According to the team, to date, it has been difficult to find photoelectrochemical systems that carry this process efficiently. One of the reasons for this is that titanium dioxide, which is a well-known and widely used photoanode material, can only absorb energy from high-energy light.
Sometimes, TiO2 is mixed with gold and silver to sensitize it to visible light but, as a result, the application becomes expensive.
However, by enhancing the TiO2 with cobalt, it is possible to create a visible-light photoanode.
To do so, thin TiO2 films are grown onto a substrate through a standard procedure and then cobalt is introduced by immersing them into an aqueous cobalt nitrate solution.

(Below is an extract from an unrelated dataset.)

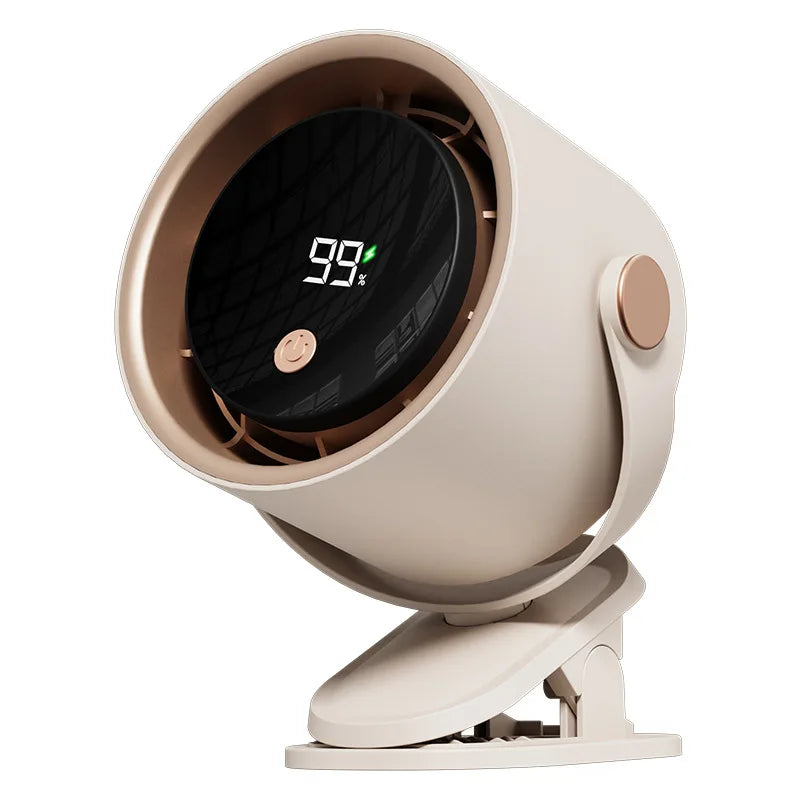 Digital Display Clip-On USB Desk Fan – Rechargeable Portable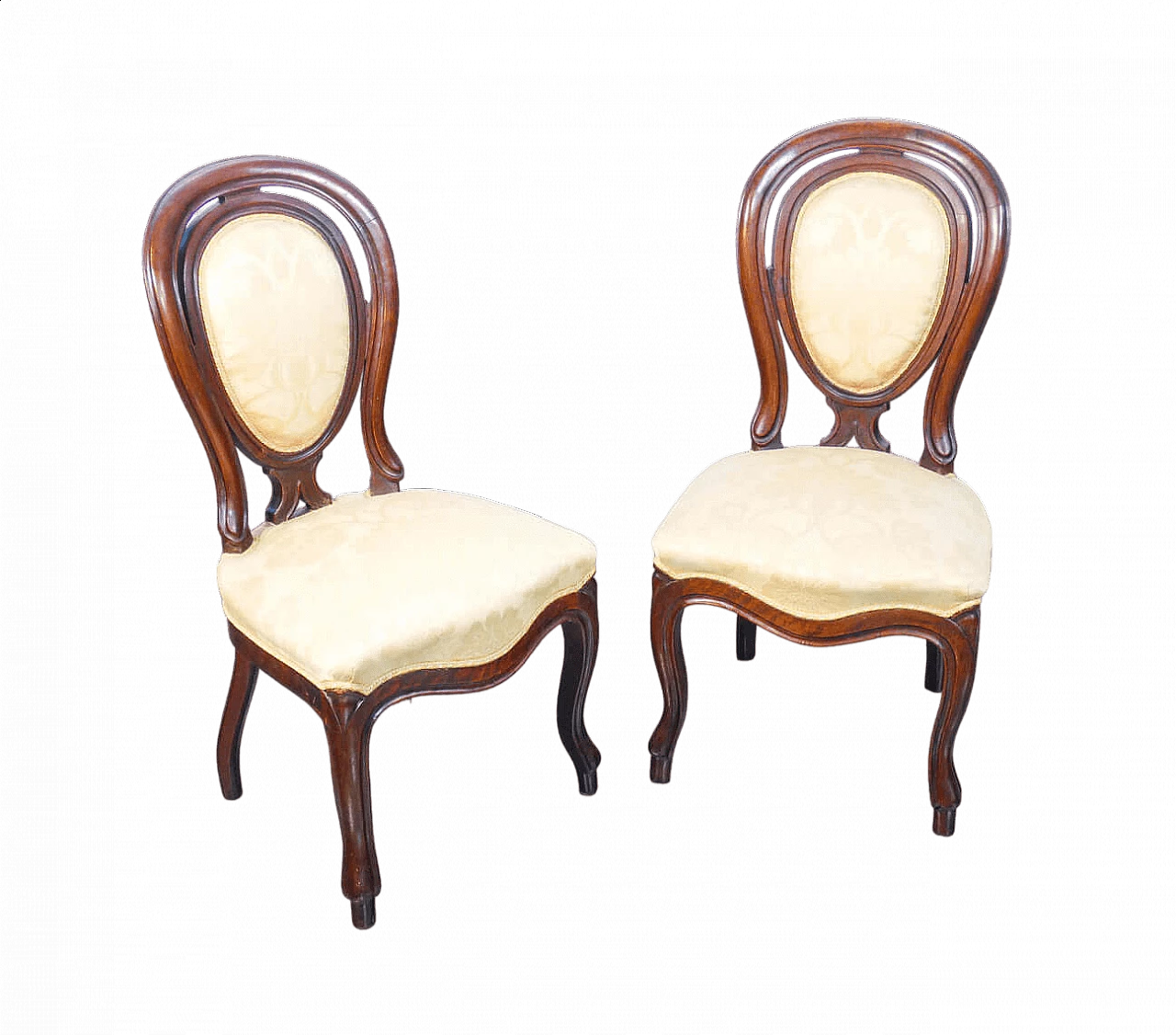 Pair of Louis Philippe chairs in solid walnut, 19th century 9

This method works because cobalt domains not only capture visible light and transfer charges or electrons at the TiO2 interface but also serve as catalytic sites that facilitate water oxidation.
Moreover, the researchers found that the structure of the base TiO2 thin film affects the performance of the final modified photoanode, presumably by allowing for the accommodation of cobalt atoms. The structure of the TiO2 film can be easily tuned by adjusting fabrication parameters, which allowed the team to carry out multiple tests to gain insight into this phenomenon.
“This study demonstrates that a visible-light-driven photoelectrochemical cell for water oxidation can be constructed through the use of earth-abundant metals without the need for complicated preparation procedures,” Kazuhiko Maeda, senior author of the study, said in a media statement.